Reflections After the 2016 Annual Meeting
Author's note: The following article originated as a Facebook status update after the annual meeting in Salt Lake City. It is a little more navel-gazey than I usually post here, but I think it's important to do that every once in awhile, too!
Well, it's the end to another SVP. If there is any feeling I have after this year's conference, it is optimism. Optimism for the future of the field, and optimism for the futures of many of my friends and colleagues in the field.
For one, it seems that real, substantive change is underway across our discipline. On the publishing front, open access is here to stay and more broadly used than ever before. So much amazing work is being published in open access journals, and the overall feeling towards open access is positive. Recognition of "alternate" career paths (i.e., the career paths that a significant number--perhaps even a majority--of paleontologists take) is increasing, and support for such people is expanding. The Women in Science social was an amazing event to attend, and I am inspired to be a better colleague. The positive ripples of that social were tangible across the meeting. It also warmed my heart to see an increasing number of outreach efforts for people in rural communities--as someone from a rural area myself, it means a lot. We have work to do yet, but it feels like there is real movement in so many areas.
Additionally, many dear friends and colleagues are experiencing successes in their lives and in their careers. One friend who has had some real struggles had a phenomenal field season with a major field team and I hope got a good boost of confidence from that experience. Several friends landed permanent jobs, finished that Ph.D., or got an amazing postdoc. One person who had an incredibly rough year in their grad program is now at a much better situation. Many friends and colleagues were honored at the award banquet, and it was so cool to see years of hard work pay off for them in a very public way.

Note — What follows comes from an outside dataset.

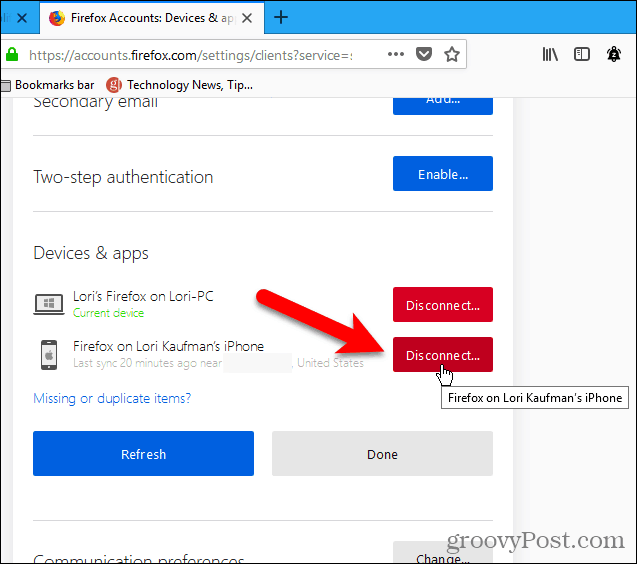 Déconnectez un appareil à l'aide de Firefox pour Windows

I won't pretend that the future for all of us will be trouble-free, and I certainly had visits with friends and colleagues who are having rough patches. I hope that they all feel the support of their colleagues, because they do have it. The feeling of community was strong for me this year.
So, safe travels home to all that were here in SLC, we missed those of you who couldn't make it, and I'll look forward to seeing many of you again soon!
--Dr. Andy Farke is the Augustyn Family Curator at the Raymond M. Alf Museum of Paleontology in Claremont, California.